Logistic Regression assumes a linear relationship between features and the log-odds (logit) of the outcome.

\(W^{T}X\) \(P[Y=1 | X=x] = \sigma(W^{T}X) >> \frac{1}{1+e^{-W_1X_1 + W_2X_2 + W_3X_3+ \dots+ W_nX_n}}\)

Logistic Regression predicts a probability that maps to a categorical outcome (most often binary classification, like “spam vs not spam”).

The difference in short

Linear Regression predicts continuous values with a straight line fit.

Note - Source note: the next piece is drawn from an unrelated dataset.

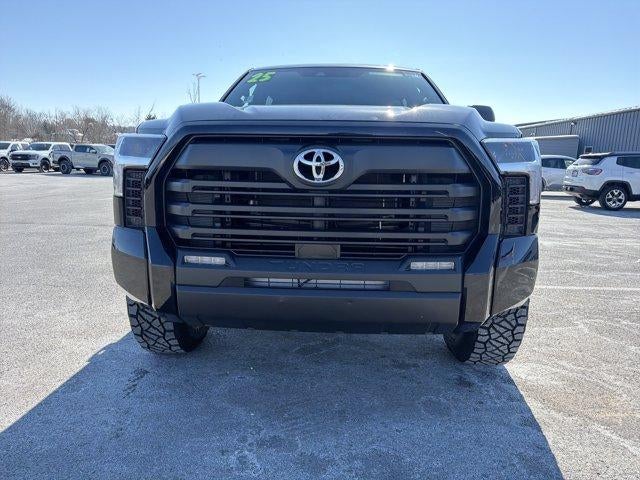 2025 Toyota Tundra 4WD 4WD SR5 CrewMax 5.5' Bed (SE)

Logistic Regression predicts probabilities for categorical outcomes using a sigmoid/logistic curve.

Linear Regression Code

Based on Example 12.6

import numpy as np
import matplotlib.pyplot as plt

x = np.array([65, 67, 71, 71, 66, 75, 67, 70, 71, 69, 69])  # Third Exam Score
y = np.array([175, 133, 185, 163, 126, 198, 153, 163, 159, 151, 159])  # Final Exam Score

mean_x = np.mean(x)
mean_y = np.mean(y)
sum_xy = sum((x - mean_x) * (y - mean_y))
sum_xx = sum((x - mean_x) ** 2)
b = sum_xy / sum_xx
a = mean_y - b * mean_x

yhat = a + b * x

#------Plots------#

fig, ax = plt.subplots(figsize=(10, 8))

ax.scatter(x, y, marker='o', color='blue', linewidths=5, label='Actual Data')
ax.plot(x, yhat, color='red', linewidth=2, label='Predicted Line')
ax.set_xlabel('X Values')
ax.set_ylabel('Y Values')
ax.set_xlim(min(x) - 0.5, max(x) + 0.5)
ax.set_ylim(min(y) - 50, max(y) + 50)

plt.title('Linear Regression Plot', fontsize=14)
plt.tight_layout()
plt.legend()

plt.show()

Logistic Regression Code

Based on Table 6.5

import numpy as np
import matplotlib.pyplot as plt

def sigmoid(z):
    return 1 / (1 + np.exp(-z))

x = np.array([1.5, 2.4, 3.4, 2.1, 2.5, 0.8, 2.9, 4.0, 2.3, 2.1, 3.6, 0.5])  # GPA
y = np.array([0, 1, 1, 0, 1, 0, 0, 1, 1, 0, 1, 0])  # 0 - No | 1 - Yes

a, b = 0.0, 0.0   # intercept, slope
alpha = 0.15      # learning rate
epochs = 1000

for _ in range(epochs):
    yhat = sigmoid(a + b*x)
    da = np.mean(yhat - y)
    db = np.mean((yhat - y) * x)
    a -= alpha * da
    b -= alpha * db
    print(f"a = {a}, b = {b}")

#------Plots------#

x_curve = np.linspace(min(x)-0.5, max(x)+0.5, 200)
y_curve = sigmoid(a + b*x_curve)

fig, ax = plt.subplots(figsize=(10, 8))
ax.scatter(x, y, marker='o', color='blue', s=60, label='Actual Data')
ax.plot(x_curve, y_curve, color='red', linewidth=2, label='Logistic Regression Fit')
ax.set_xlabel('X Values')
ax.set_ylabel('Y Values')
ax.set_ylim(-0.1, 1.1)
plt.title('Logistic Regression Plot', fontsize=14)
plt.legend()
plt.show()